=== Begin Enclosure ===

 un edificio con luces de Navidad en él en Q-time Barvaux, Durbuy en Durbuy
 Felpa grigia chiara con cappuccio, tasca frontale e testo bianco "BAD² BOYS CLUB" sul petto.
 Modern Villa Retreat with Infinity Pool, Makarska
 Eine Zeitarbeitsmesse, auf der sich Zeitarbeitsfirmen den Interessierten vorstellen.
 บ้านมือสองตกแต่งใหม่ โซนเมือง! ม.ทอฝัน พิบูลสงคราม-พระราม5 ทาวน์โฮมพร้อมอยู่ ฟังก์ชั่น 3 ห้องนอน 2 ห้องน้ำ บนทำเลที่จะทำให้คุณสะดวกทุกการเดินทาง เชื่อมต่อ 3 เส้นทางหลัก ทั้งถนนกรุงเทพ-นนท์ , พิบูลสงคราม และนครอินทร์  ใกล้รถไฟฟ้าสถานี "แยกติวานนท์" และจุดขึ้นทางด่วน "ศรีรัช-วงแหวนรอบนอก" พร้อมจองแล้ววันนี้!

=== End Enclosure ===

TASK ITEM: Retype, exactly as written, each line from the one containing "Modern Villa Retreat" through the last line of the listing above, and leave out all other lines.

EXERCISE RESULT:
 Modern Villa Retreat with Infinity Pool, Makarska
 Eine Zeitarbeitsmesse, auf der sich Zeitarbeitsfirmen den Interessierten vorstellen.
 บ้านมือสองตกแต่งใหม่ โซนเมือง! ม.ทอฝัน พิบูลสงคราม-พระราม5 ทาวน์โฮมพร้อมอยู่ ฟังก์ชั่น 3 ห้องนอน 2 ห้องน้ำ บนทำเลที่จะทำให้คุณสะดวกทุกการเดินทาง เชื่อมต่อ 3 เส้นทางหลัก ทั้งถนนกรุงเทพ-นนท์ , พิบูลสงคราม และนครอินทร์  ใกล้รถไฟฟ้าสถานี "แยกติวานนท์" และจุดขึ้นทางด่วน "ศรีรัช-วงแหวนรอบนอก" พร้อมจองแล้ววันนี้!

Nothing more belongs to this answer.